Your goal: For this exercise, the lines from the one with "Morvelle Cloud White" through the final line of the data below are to be transcribed exactly, and pictures are to be skipped.

Entries provided:
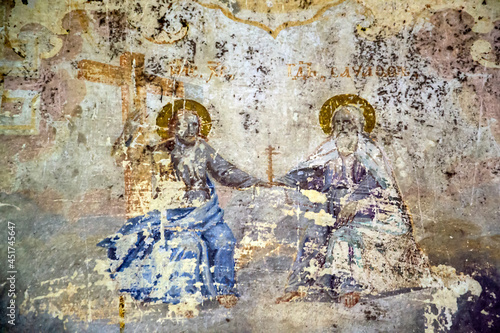 illustrations from the bible on the wall of an abandoned temple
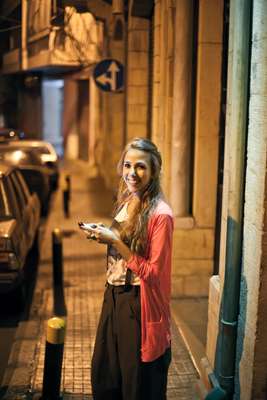 Fashion assistant Tala Hjiar sends a text outside Kayan bar, Rue de Liban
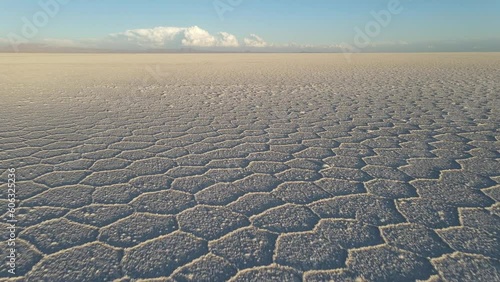 Drone flying speedy above surface of Salar de Uyuni salt flat, Altiplano, Bolivia photo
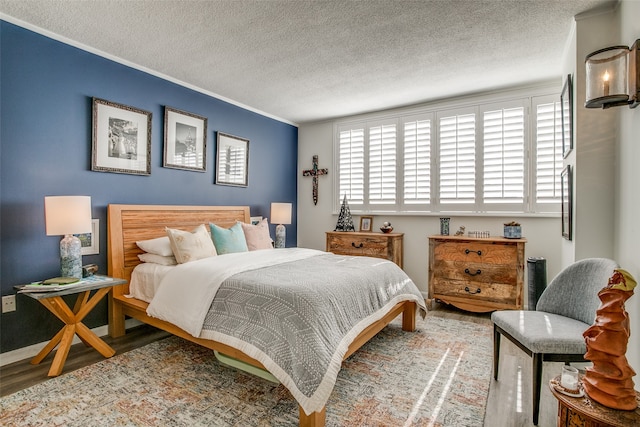 bedroom with a textured ceiling, crown molding, and hardwood / wood-style floors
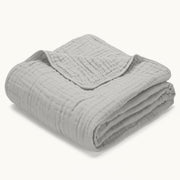 Morvelle Cloud White muslin cotton blanket folded on white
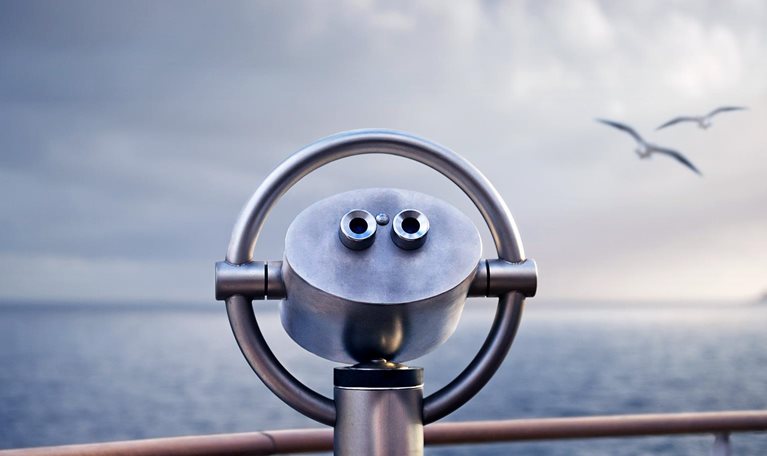 Telescope on a ship with two birds flying over the water in the background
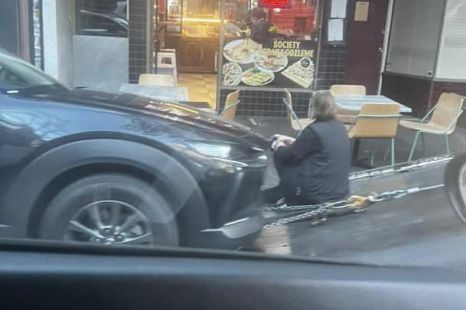 Driver sits in front of their car for 2 hours to prevent it from being towed from clear way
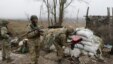 Ukrainian troops at their checkpoint next to Shyrokine village not far Mariupol on March 25.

Expected answer:
 Morvelle Cloud White muslin cotton blanket folded on white
 Telescope on a ship with two birds flying over the water in the background
 Driver sits in front of their car for 2 hours to prevent it from being towed from clear way
 Ukrainian troops at their checkpoint next to Shyrokine village not far Mariupol on March 25.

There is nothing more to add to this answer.